One of the employees at Wal-Mart in Ohio commented that she’d rather have full time work that paid "$25,000 per year" than food donated from other employees.   

A Wal-Mart employee shooting for the seemingly unreachable apex of $25,000 per year for full time work stands in stark contrast to another number that popped up recently: $142.2 million (the price for Francis Bacon's Three Studies of Lucien Freud at Christie’s about a week ago). 

$142,200,000 smackers! That’s a lot of Wal-Mart employees! To be exact, $142.2 million could pay for 5,688 full time employees making $25,000 per year (and with that kind of income, they wouldn't need a donation box for Thanksgiving). 

It was a record year for Christie’s, and it’s been a record year for America in general: 2013 marked the widest gap between rich and poor in over 100 years for our great nation. 

U-S-A! U-S-A! We're #1(in handgun deaths and income disparity)!

You don’t get to a milestone like that without a little effort. Or a lot of lack of effort. Adjusted for inflation, the minimum wage in the 1960s was about $10 per hour, which means the minimum wage in America has dropped about 30% over the last 50 years. 
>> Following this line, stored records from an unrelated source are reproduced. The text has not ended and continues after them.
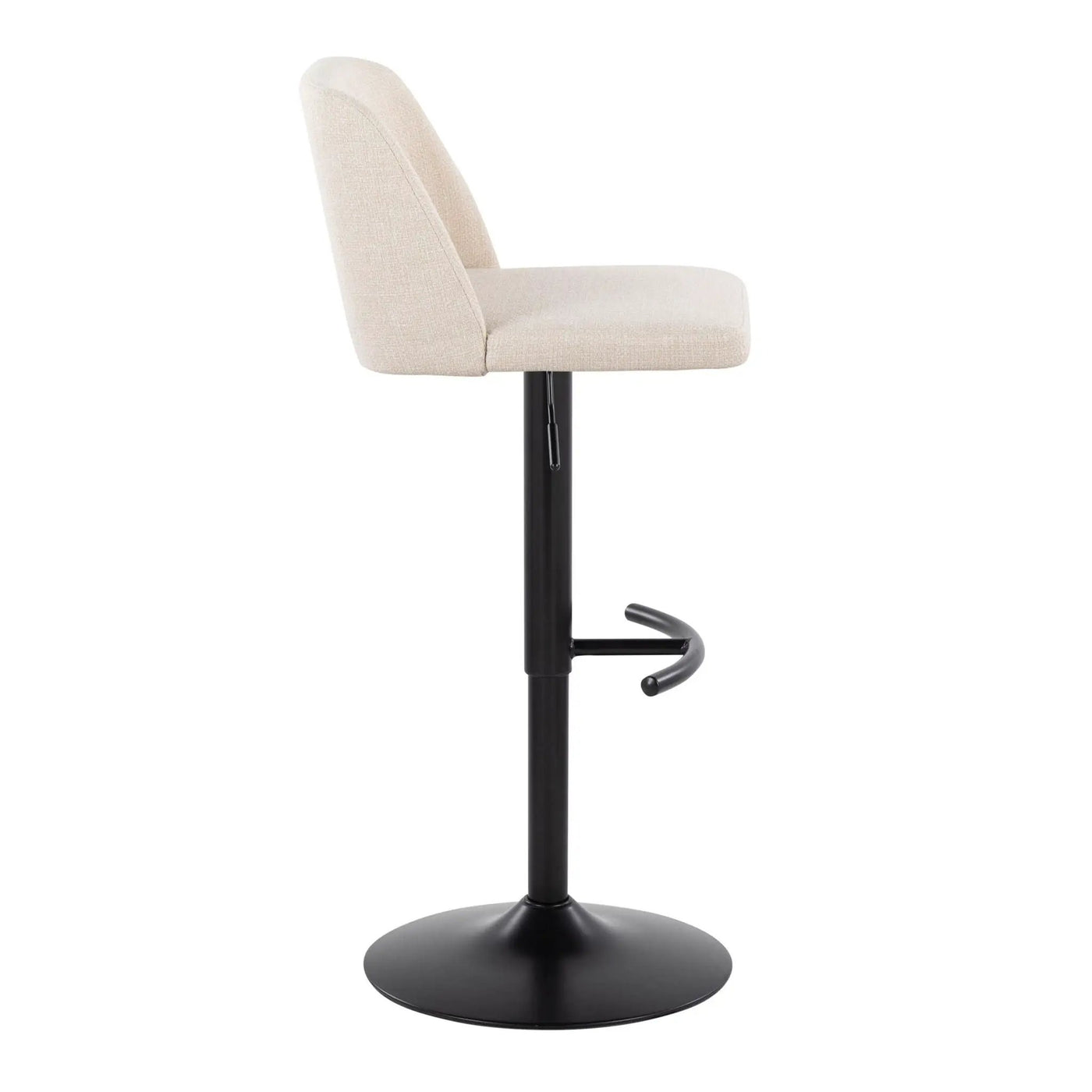 Toriano - Contemporary Adjustable Bar Stool With Rounded T Footrest (Set of 2) by HouseOfZazla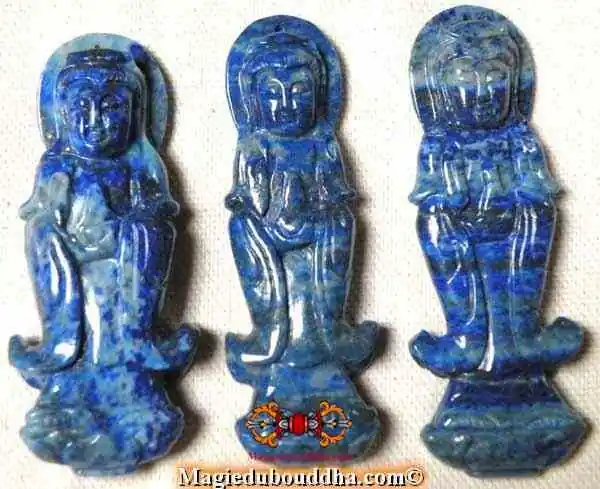 Standing Guan Yin Pendant - Lapis Lazulli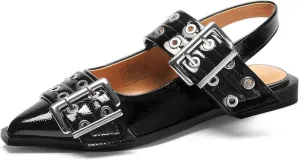 Slingback Flats Cloud Shoes for Women,Ballerinas Buckle Ballet Flats for Women，Pointed Toe Wide Welt Squared Block Heel Dress Shoes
But we’ve all gotta sacrifice a little to make sure Christie’s has a banner year. And when I say, “we all,” I obviously mean the roughly 99% of the country that isn’t insanely rich. The insanely rich have done great since the 1960s. 

One may think the art world would mercilessly skewer this inequality. I'm someone who thinks art is at its best when it's mocking authority, complicating issues, or as Francis Bacon once said, "The job of the artist is always to deepen the mystery." 
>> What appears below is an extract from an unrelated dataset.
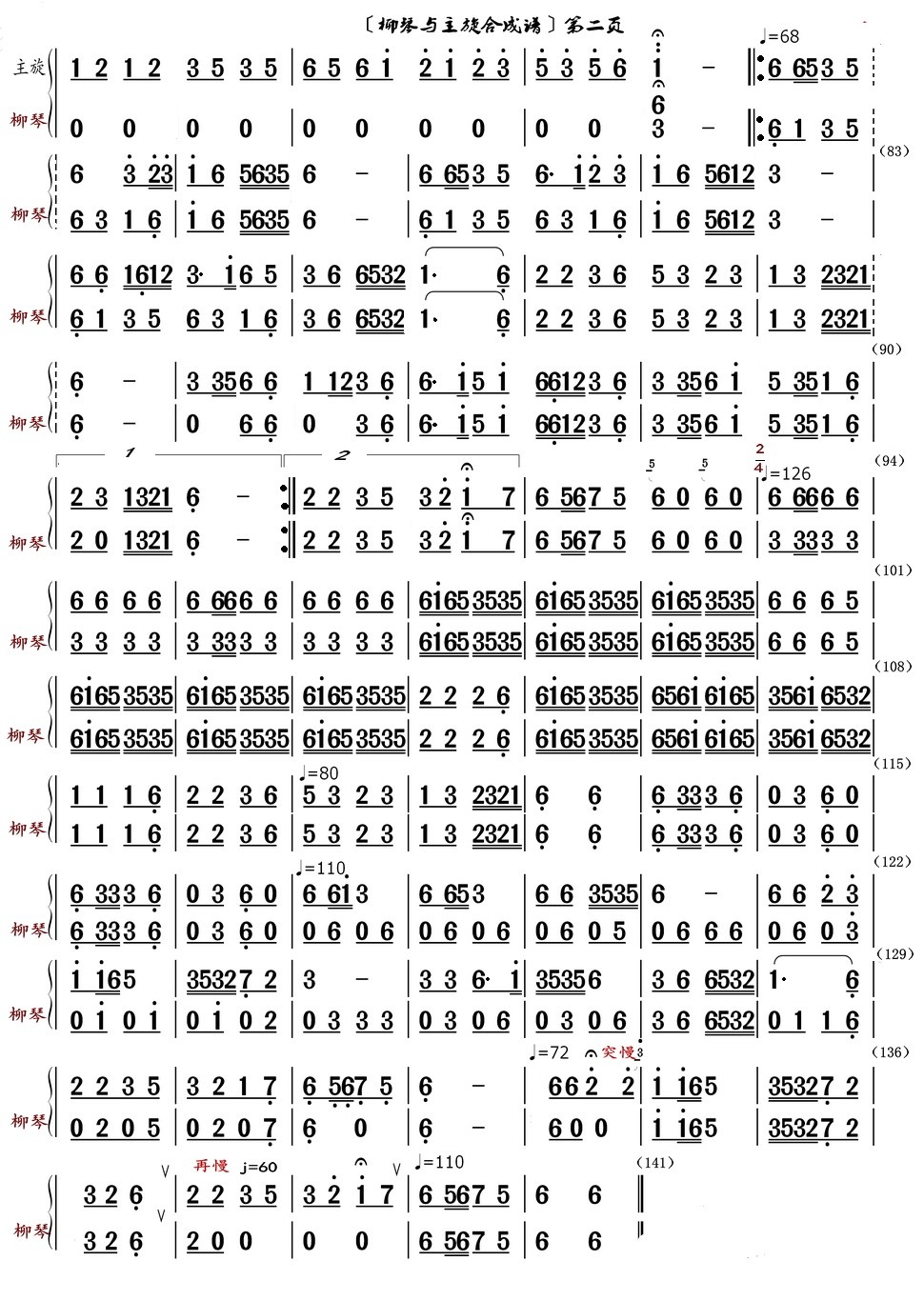 Hands watered the flowers of happiness (dulcimer)（liuqin sheet music）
But in Francis Bacon's sale at auction, there is no deepening of a mystery, there is the glaring fact that across America, the mainstream art world is not standing in opposition to inequality, but is a reflection of the income gap itself -- a few, multi-million dollar marquee projects at the top, then a mass of fairly anonymous projects at the bottom, and not a lot in the middle.  In a city like Des Moines, piles of money built the Civic Center, and piles of money go to it each year. Bizarrely, finding a few people in town with a few hundred thousand dollars laying around has become the easy part! Finding enough people with spare money to go to the symphony is now the hard part -- which is why the Des Moines Symphony has to cold-call people who have been to the symphony in the past asking if they'd like to come back sometime. 

 

Likewise, our buddies at the Des Moines Social Club were able to raise around $5 million for a space, but they'll still be faced with the challenge of programming and filling events. 

No amount of marketing or clever events makes up for the fact that the average American has less disposable income than they did in years past, and disposable income is what makes the grassroots art world go round.
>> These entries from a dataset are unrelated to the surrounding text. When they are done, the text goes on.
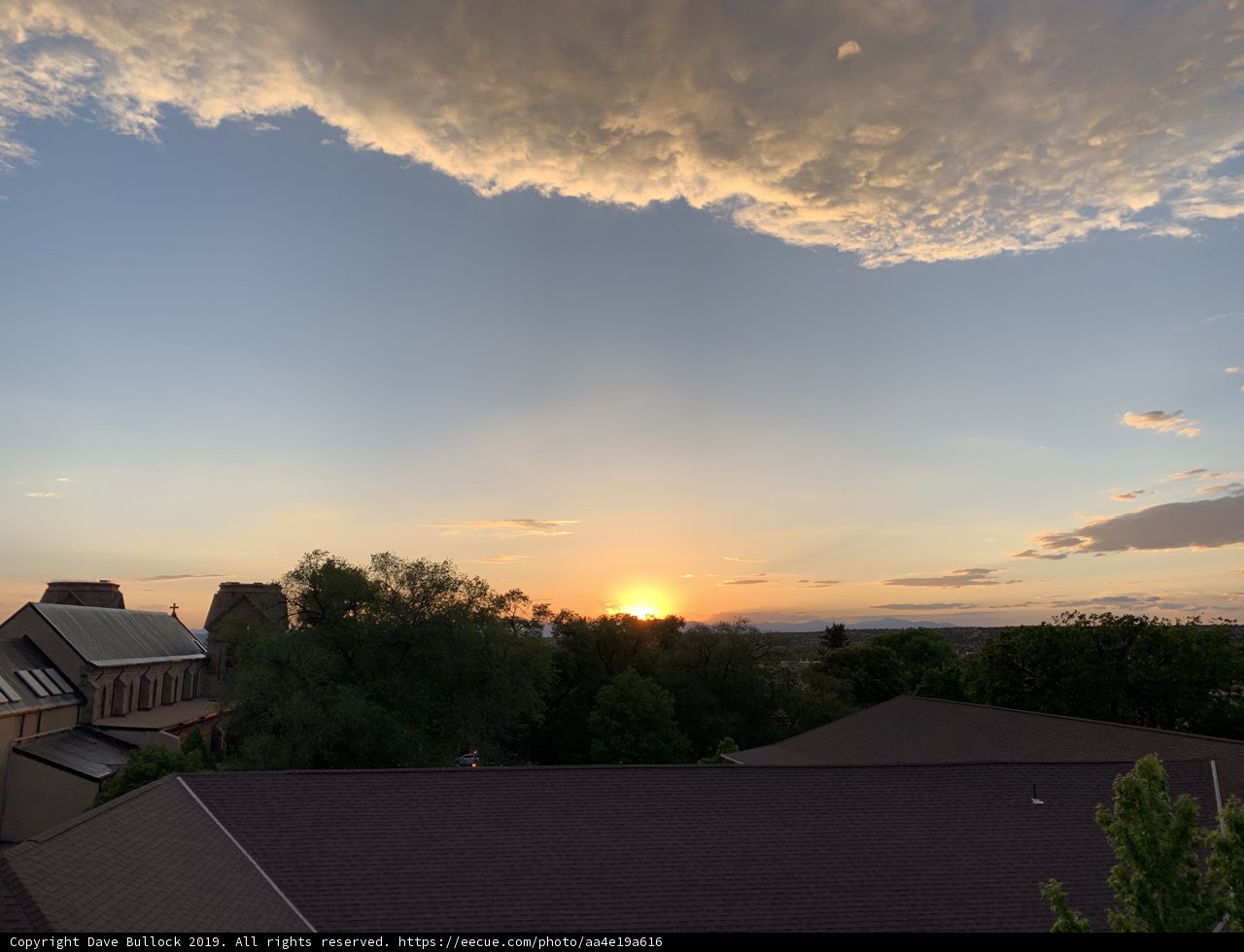 Sun setting over the rooftops of Santa Fe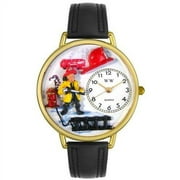 Firefighter Black Padded Leather And Goldtone Watch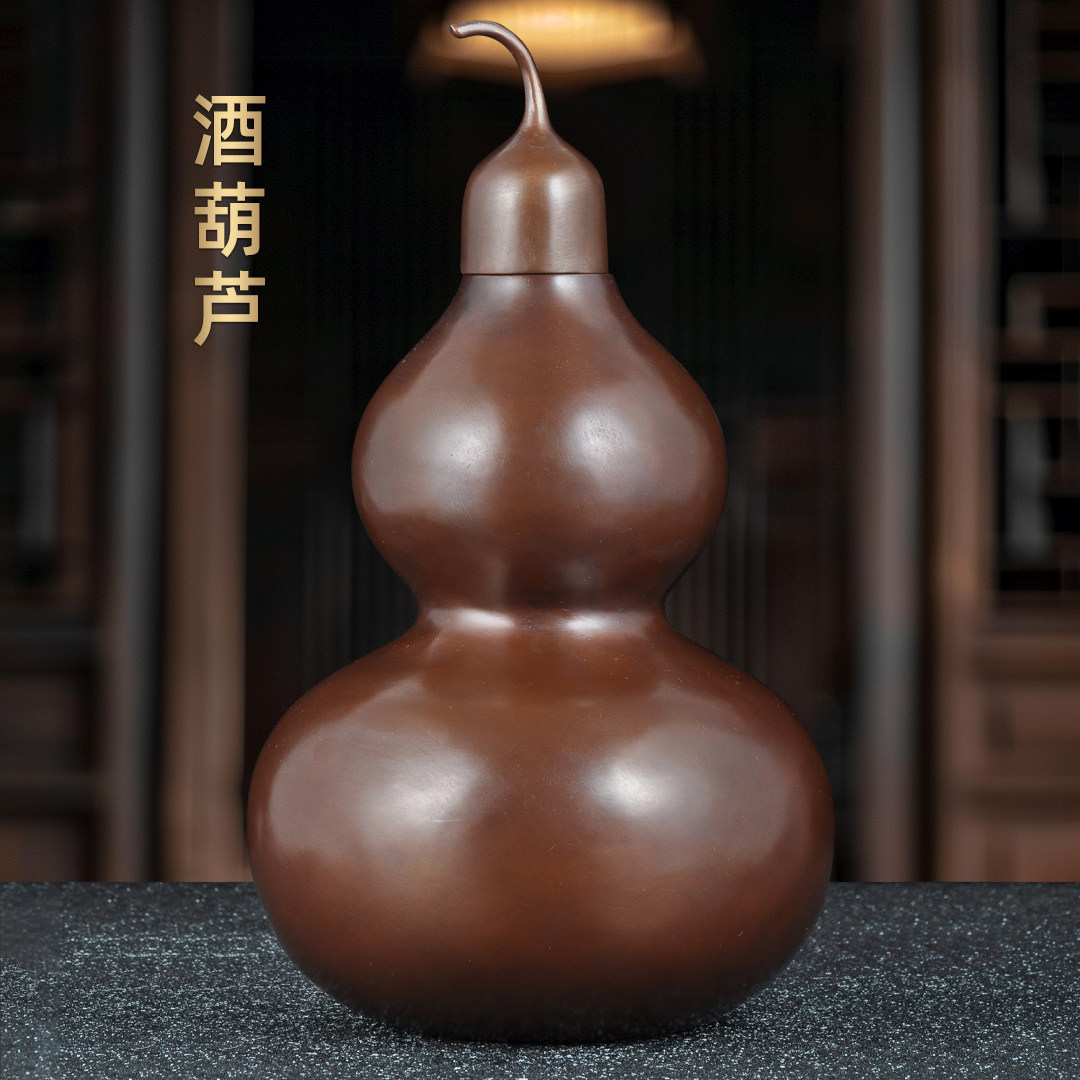 纯紫铜葫芦摆件招财酒葫芦福禄家居客厅电视柜风水装饰品开业礼品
The biggest boost the art world could get would be a $15 minimum wage. A $7 minimum wage is felt directly by those who receive it, but it's indirect impact is everywhere -- when your average person's disposable income drops, things like art get dropped from their budget. 

But a solution to this massive problem has been stuck for decades.

We’ve been living in a lost decade, where major upheavals like the Great Recession have led to popular anger, but have not lead to major course corrections, just retrenchment. The 90s have been hanging around and hanging around and just won’t die. 

Changes will come, but they need to be worked for on two levels. 1) We should let elected officials know that we support higher minimum wages for Americans. 2) We should also lead by example with our dollars. 

I've wanted RAYGUN to be a reflection of how I'd like to see American business operate, so the only people who make minimum wage are the interns who sign up for free internships (we end up paying them anyway). We use American-made products made by people making living wages, and we try to pay living wages. We'd like to pay employees even more, but it can be difficult when our national competitors sell cheaper-made goods sold by employees making 40% less than ours. 

Resources for your average American are limited, as are RAYGUN's resources. So we need to spend wisely. It's important to try and shop ethically, and don't throw your spare $100 million on one big painting this year, spread it around amongst a few $15 million paintings by local artists, maybe.